Goal of the exercise
Please return exactly the lines from the top of the data through the line that contains "3rd image of 6543 Chesterfield Ave", and skip all pictures.

Information shown
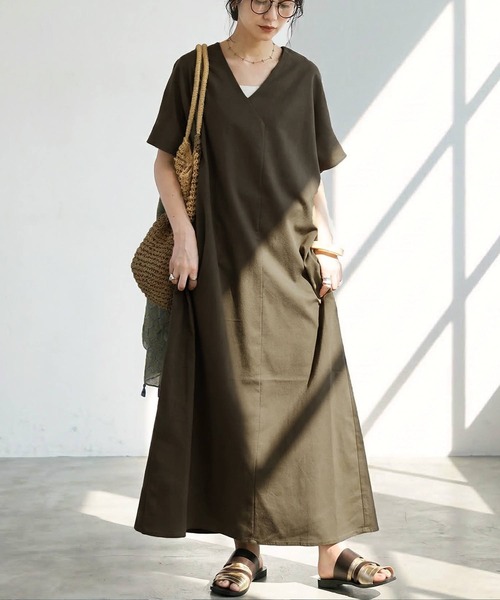 antiqua(アンティカ)の「リネンタッチ フレンチスリーブ ワンピース(ワンピース・レディース・ブラック/ブラウン系その他/チャコールグレー/ナチュラル/レッド・P/R)」の3枚目の写真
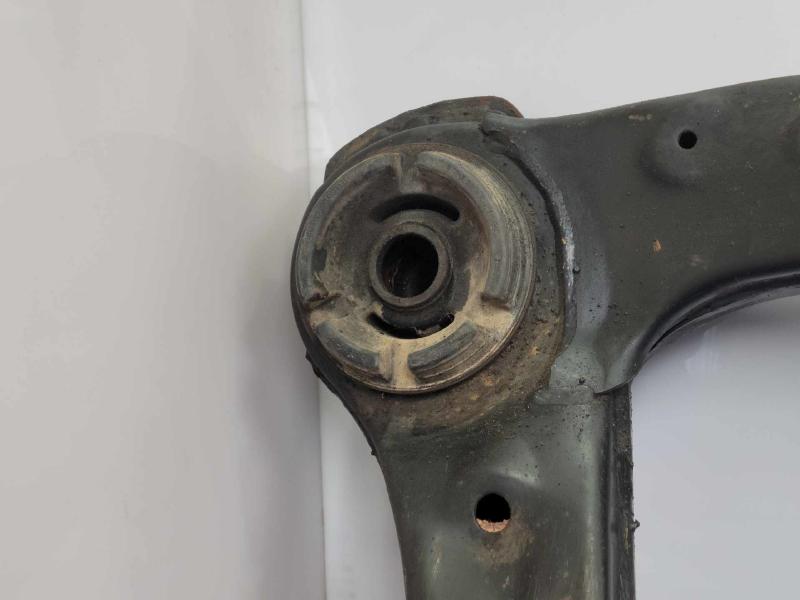 2009 Toyota Camry Crossmember/Cradle/Undercarria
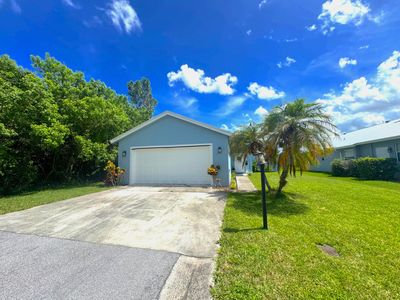 2414 SW REGENCY Road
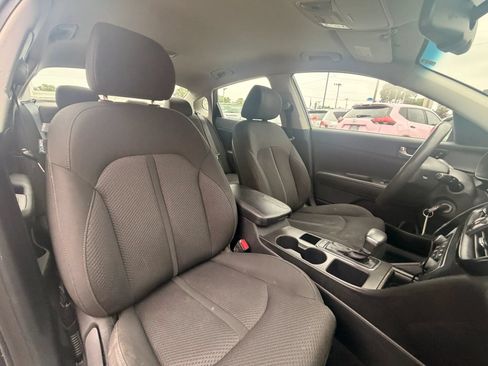 Used 2016 Kia Optima LX w/ LX Convenience Package FWD image 21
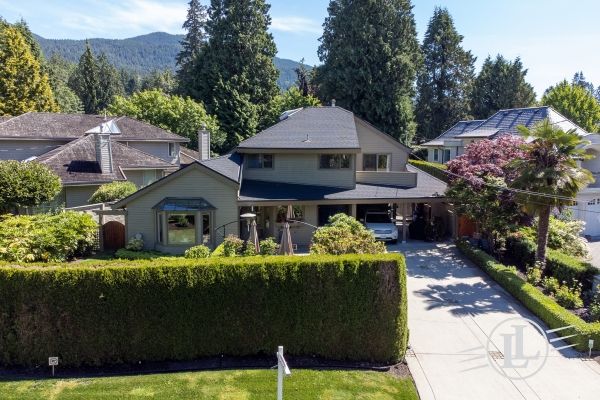 4342 Erwin Drive West Vancouver B.C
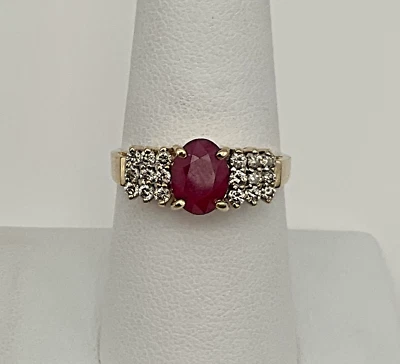 Anillo de diamantes y rubíes LeVian de oro amarillo de 14 quilates Foto 1 de 4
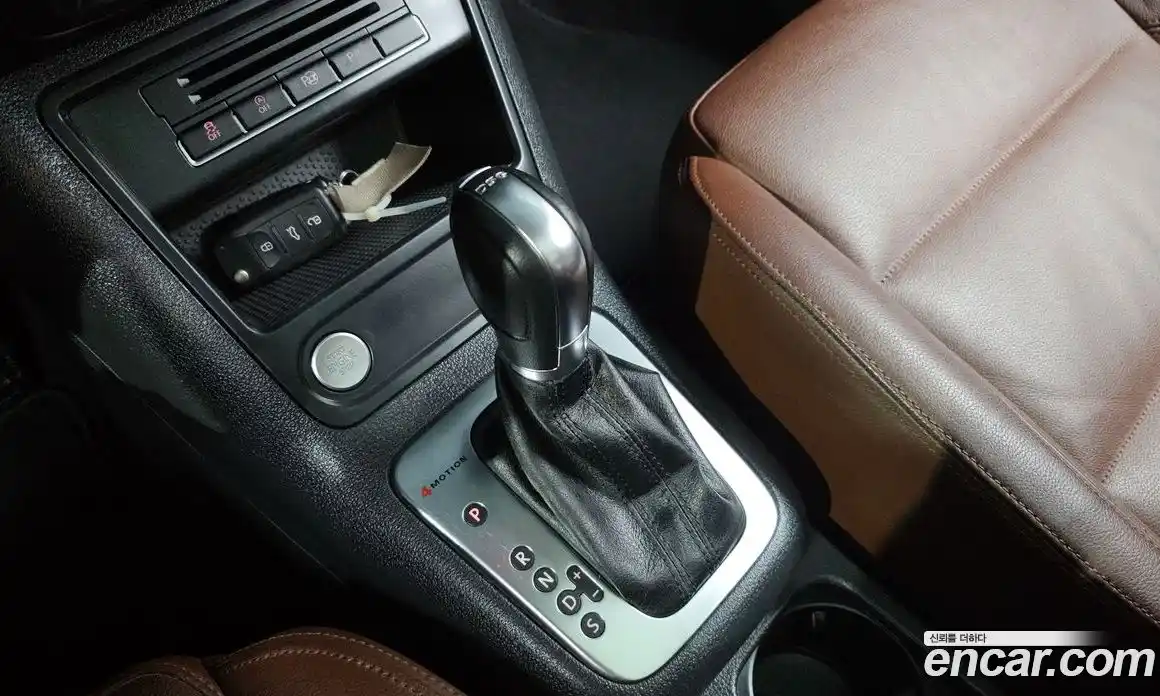 Volkswagen Tiguan 2012 2.0 гидро в Москве № 215243, фото 9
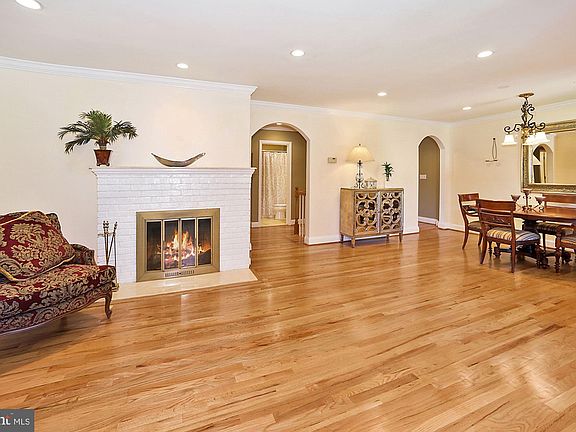 3rd image of 6543 Chesterfield Ave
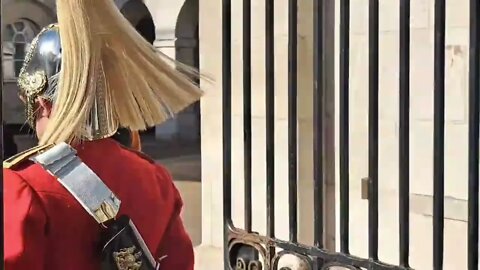 The kings guard shouts stand clear Stand clear #horseguardsparade
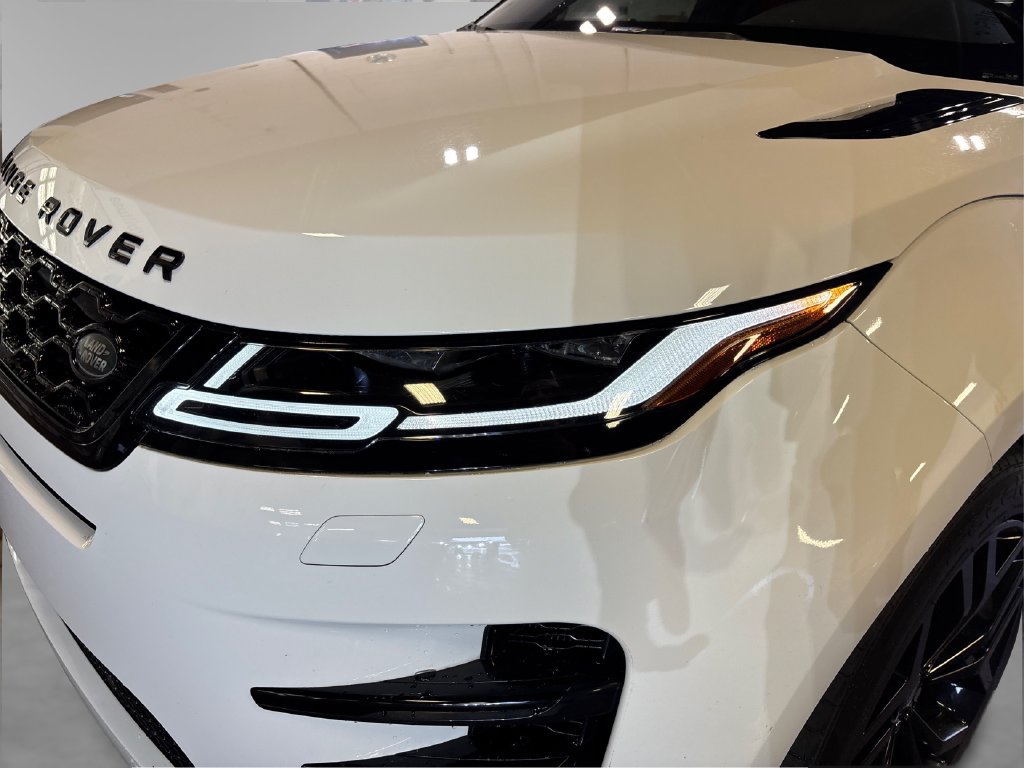 Used 2020 Land Rover Range Rover Evoque R-Dynamic SE AWD/4WD image 19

Exercise result
 antiqua(アンティカ)の「リネンタッチ フレンチスリーブ ワンピース(ワンピース・レディース・ブラック/ブラウン系その他/チャコールグレー/ナチュラル/レッド・P/R)」の3枚目の写真
 2009 Toyota Camry Crossmember/Cradle/Undercarria
 2414 SW REGENCY Road
 Used 2016 Kia Optima LX w/ LX Convenience Package FWD image 21
 4342 Erwin Drive West Vancouver B.C
 Anillo de diamantes y rubíes LeVian de oro amarillo de 14 quilates Foto 1 de 4
 Volkswagen Tiguan 2012 2.0 гидро в Москве № 215243, фото 9
 3rd image of 6543 Chesterfield Ave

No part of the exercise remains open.